● Problem details
Only one stretch of the data below is needed: the line with "Ficus Bonsai Natural" through the last line. Output it exactly and drop the pictures.

= = = = = = =

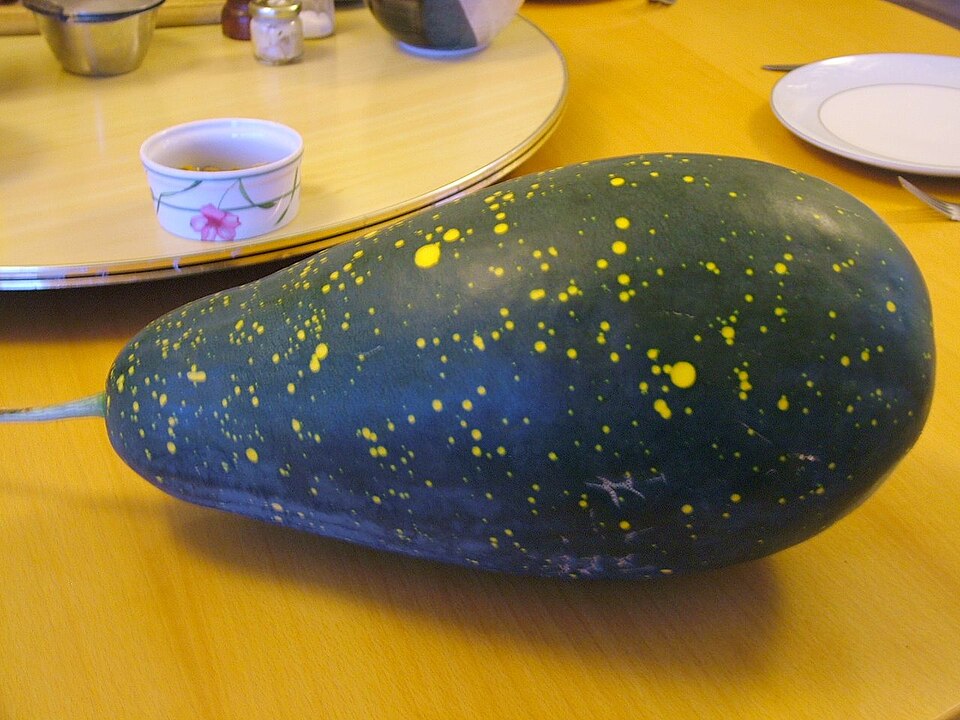 cultivar de pastèque 'Lune et étoiles'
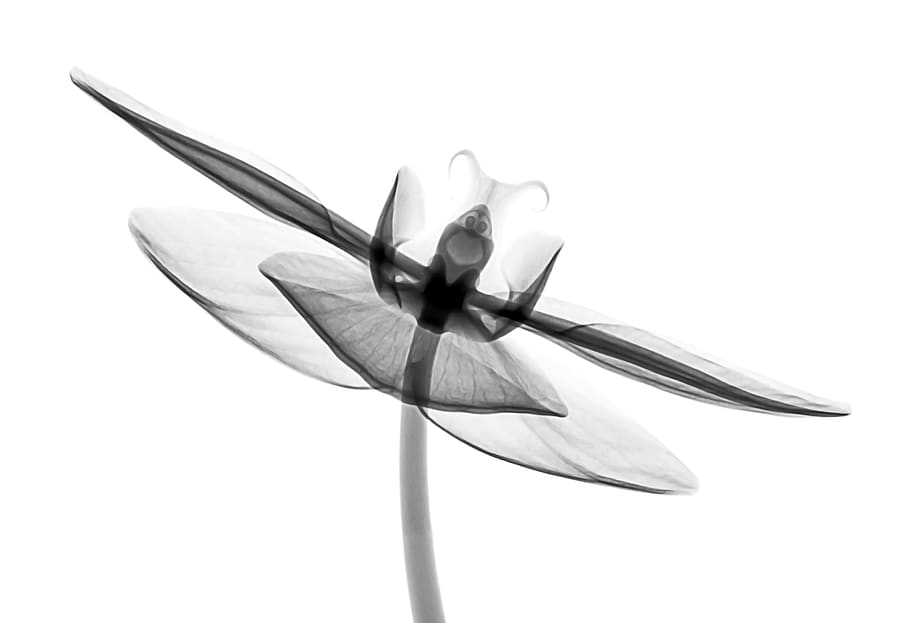 gray and white artwork, white background, studio shot, close-up HD wallpaper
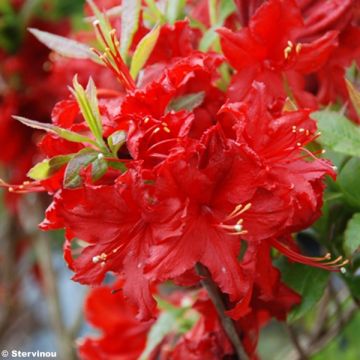 Sommergrüne Azalee Wallowa Red - Azalea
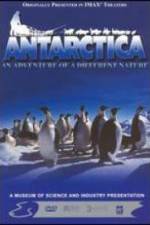 Watch Antarctica Vumoo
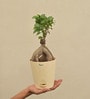 Ficus Bonsai Natural Plant In White Self Watering Plastic Pot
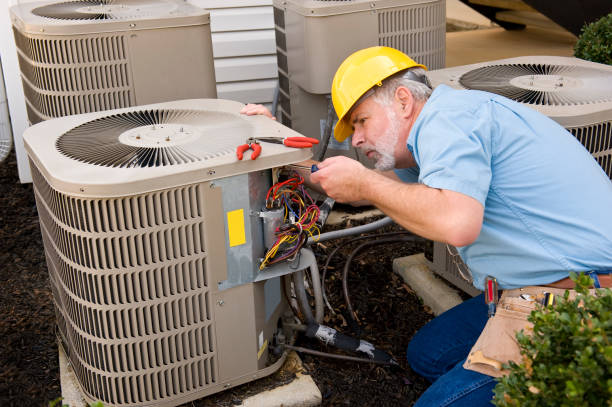 Best HVAC Air Duct Cleaning  in Laupahoehoe, HI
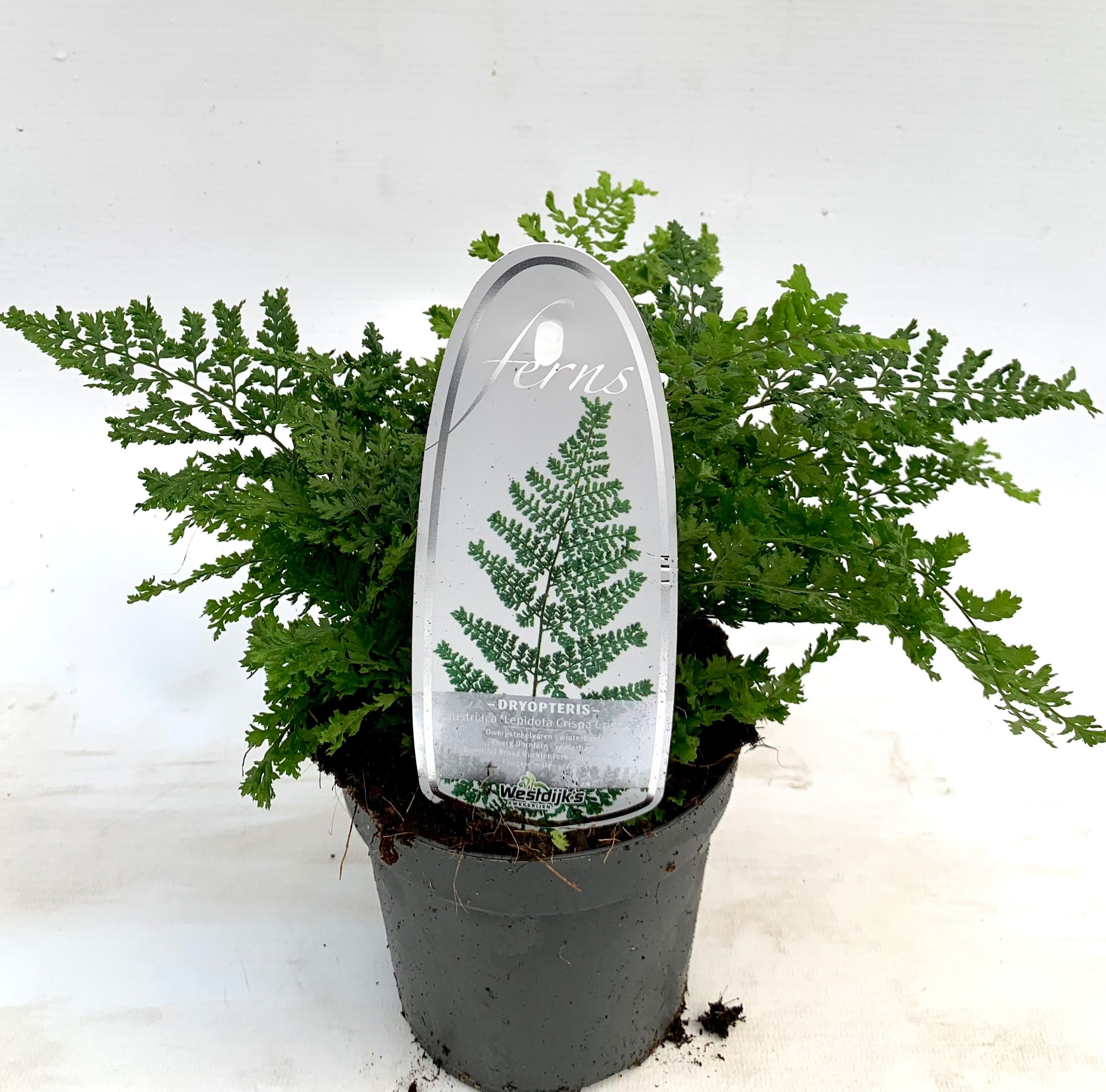 Dryopteris dilatata 'Lepidota Cristata'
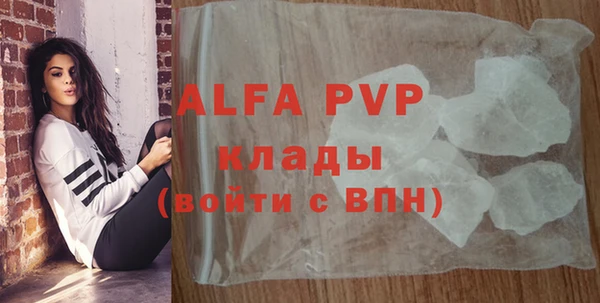 спиды Ладушкин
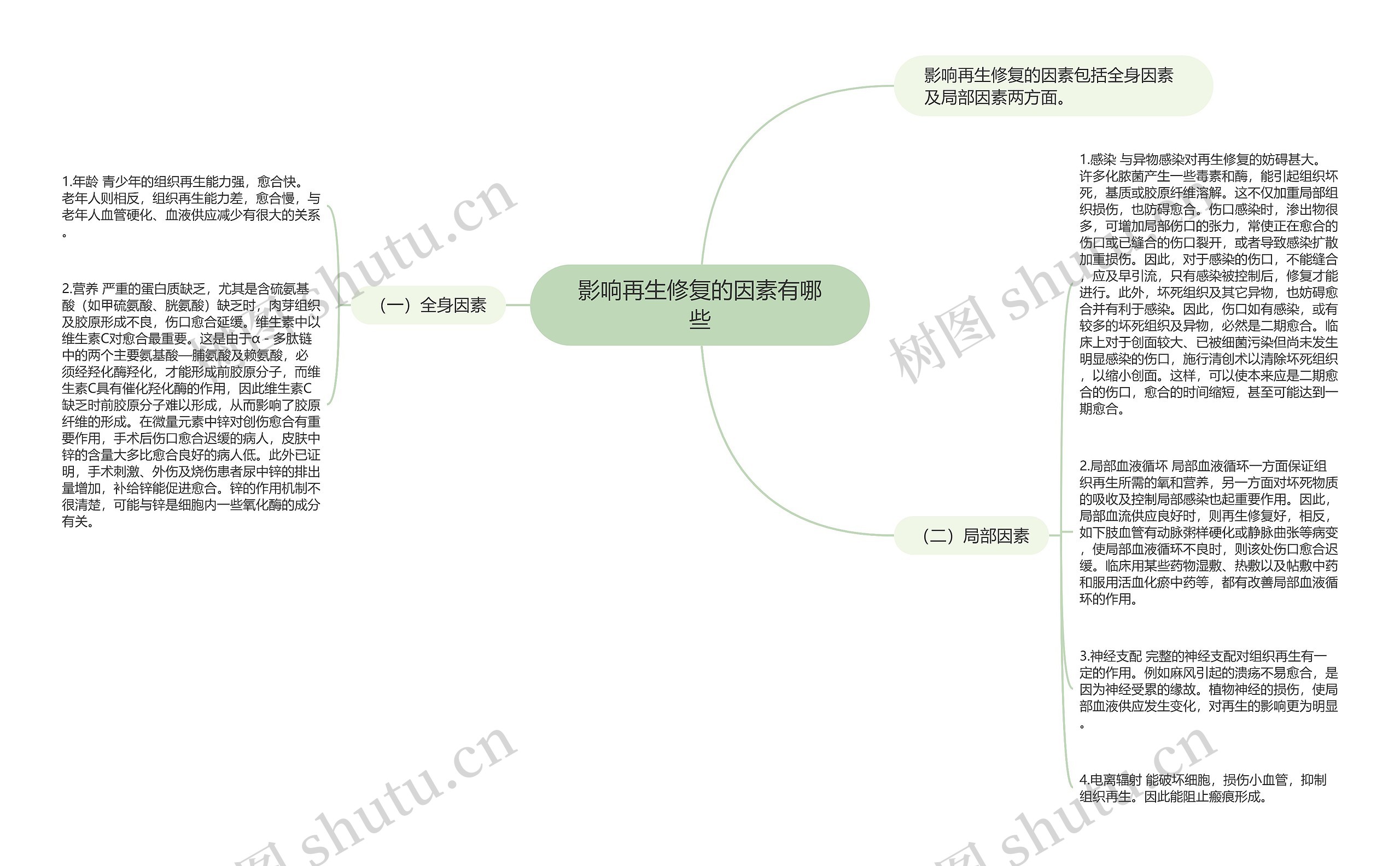 影响再生修复的因素有哪些思维导图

= = = = = = =

● Task result
 Ficus Bonsai Natural Plant In White Self Watering Plastic Pot
 Best HVAC Air Duct Cleaning  in Laupahoehoe, HI
 Dryopteris dilatata 'Lepidota Cristata'
 спиды Ладушкин
 影响再生修复的因素有哪些思维导图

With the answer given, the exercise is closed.